• **Exercise description**: Give the data again word for word; drop the pictures.

• **Data shown**:
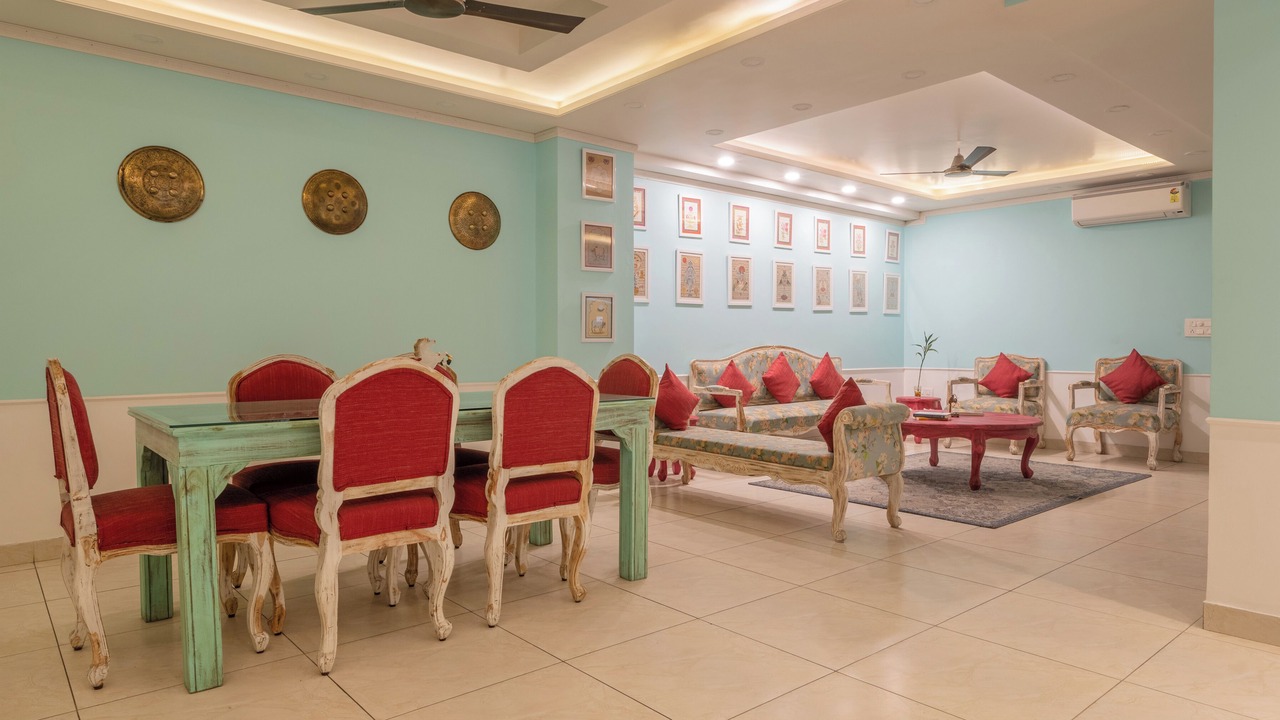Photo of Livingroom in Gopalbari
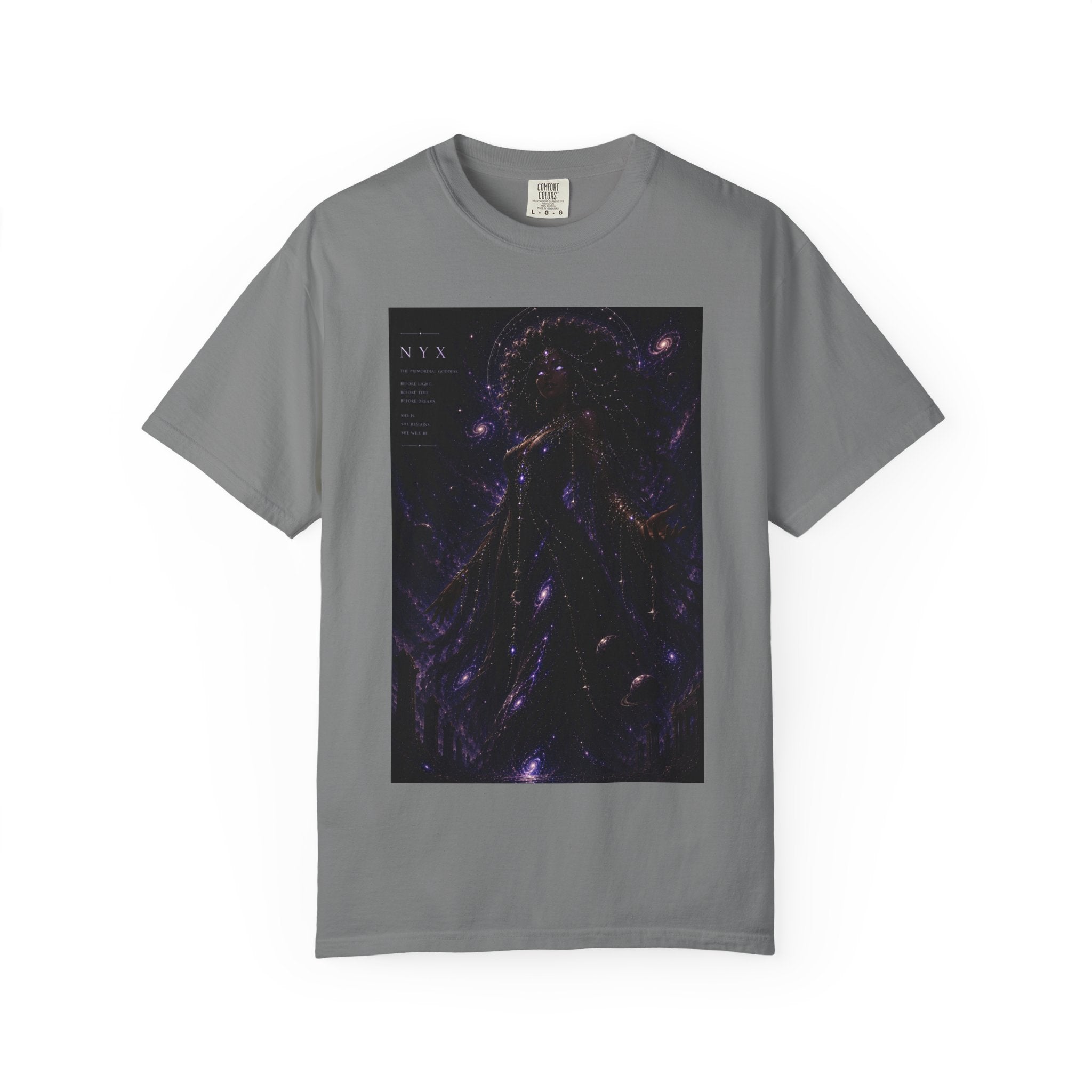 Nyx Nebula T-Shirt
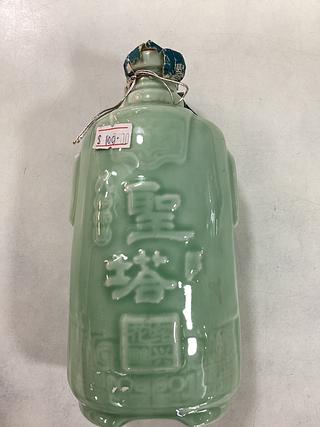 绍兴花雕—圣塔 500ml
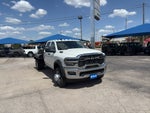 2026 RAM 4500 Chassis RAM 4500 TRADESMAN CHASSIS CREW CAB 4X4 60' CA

• **Output**:
Photo of Livingroom in Gopalbari
 Nyx Nebula T-Shirt
 绍兴花雕—圣塔 500ml
 2026 RAM 4500 Chassis RAM 4500 TRADESMAN CHASSIS CREW CAB 4X4 60' CA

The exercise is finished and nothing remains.